Charles Hamm
Charles Hamm (April 21, 1925, Charlottesville, Virginia – October 16, 2011, Lebanon, New Hampshire) was an American musicologist, writer on music, composer, and music educator. He is credited with being the first music historian to seriously study and write about American popular music.

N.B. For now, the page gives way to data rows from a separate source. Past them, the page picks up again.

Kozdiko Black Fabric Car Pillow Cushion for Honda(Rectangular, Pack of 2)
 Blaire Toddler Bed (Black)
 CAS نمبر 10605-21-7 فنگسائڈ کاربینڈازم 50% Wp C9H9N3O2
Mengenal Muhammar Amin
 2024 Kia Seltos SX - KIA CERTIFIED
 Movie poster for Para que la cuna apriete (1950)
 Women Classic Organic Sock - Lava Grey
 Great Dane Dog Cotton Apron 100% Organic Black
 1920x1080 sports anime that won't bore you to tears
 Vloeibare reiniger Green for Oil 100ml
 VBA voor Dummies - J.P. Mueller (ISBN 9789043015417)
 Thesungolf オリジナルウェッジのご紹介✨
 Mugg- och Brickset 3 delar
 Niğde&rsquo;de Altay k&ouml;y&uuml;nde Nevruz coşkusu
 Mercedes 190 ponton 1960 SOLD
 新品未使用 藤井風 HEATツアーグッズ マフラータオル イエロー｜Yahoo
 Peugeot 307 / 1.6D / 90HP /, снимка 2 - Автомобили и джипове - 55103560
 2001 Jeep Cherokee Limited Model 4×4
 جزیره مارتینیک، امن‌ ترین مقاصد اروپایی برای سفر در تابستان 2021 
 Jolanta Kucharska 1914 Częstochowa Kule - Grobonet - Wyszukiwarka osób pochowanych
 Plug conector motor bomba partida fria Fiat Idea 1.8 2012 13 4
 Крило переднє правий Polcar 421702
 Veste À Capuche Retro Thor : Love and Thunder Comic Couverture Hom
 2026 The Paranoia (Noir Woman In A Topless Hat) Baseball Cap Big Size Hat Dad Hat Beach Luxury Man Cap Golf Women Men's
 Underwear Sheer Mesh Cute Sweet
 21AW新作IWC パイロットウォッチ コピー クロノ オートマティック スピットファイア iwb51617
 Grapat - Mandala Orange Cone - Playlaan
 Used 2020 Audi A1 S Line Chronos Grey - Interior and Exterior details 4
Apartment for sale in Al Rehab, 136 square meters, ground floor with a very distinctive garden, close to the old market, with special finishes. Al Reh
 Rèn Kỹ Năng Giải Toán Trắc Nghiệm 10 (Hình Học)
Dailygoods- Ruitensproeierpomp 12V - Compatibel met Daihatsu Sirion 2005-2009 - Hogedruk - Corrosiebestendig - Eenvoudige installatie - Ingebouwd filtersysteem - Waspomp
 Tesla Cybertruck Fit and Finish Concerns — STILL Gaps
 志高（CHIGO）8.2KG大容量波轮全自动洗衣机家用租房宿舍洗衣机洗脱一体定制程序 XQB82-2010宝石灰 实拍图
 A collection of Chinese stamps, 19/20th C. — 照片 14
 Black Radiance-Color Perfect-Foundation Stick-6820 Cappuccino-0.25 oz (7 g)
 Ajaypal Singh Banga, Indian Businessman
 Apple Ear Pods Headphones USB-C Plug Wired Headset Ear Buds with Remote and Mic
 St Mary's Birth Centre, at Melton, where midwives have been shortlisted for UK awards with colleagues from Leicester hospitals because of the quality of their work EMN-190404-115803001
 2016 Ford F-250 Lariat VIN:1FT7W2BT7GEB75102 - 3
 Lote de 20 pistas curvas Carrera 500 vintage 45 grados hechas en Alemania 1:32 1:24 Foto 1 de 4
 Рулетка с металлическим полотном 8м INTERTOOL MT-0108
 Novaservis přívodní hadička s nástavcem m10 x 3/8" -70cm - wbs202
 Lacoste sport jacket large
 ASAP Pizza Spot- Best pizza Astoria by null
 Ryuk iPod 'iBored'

Hamm graduated from the University of Virginia in 1947 where he was a member of the Virginia Glee Club.[1] Zachary Woolfe wrote in The New York Times that "Mr. Hamm was one of the first scholars to study the history of American popular music with musicological rigor and sensitivity to complex racial and ethnic dynamics, and both oral and written traditions. He traced pop’s history not just to its full recent flowering in the 1950s or to the 19th century and Stephen Foster, but also to the colonial-era compositions that created the context for all that followed."[2]
Works
- Yesterdays: Popular Song in America (1979)
- Music in the New World (1983)
- Putting Popular Music in its Place (1995)
- Irving Berlin: Songs From the Melting Pot (1997)
- Graceland Revisited
References
- ↑ "In Memoriam". University of Virginia Magazine. Spring 2012.
- ↑ Zachary Woolfe (October 23, 2011). "Charles Hamm, Author on American Popular Music, Dies at 86". The New York Times.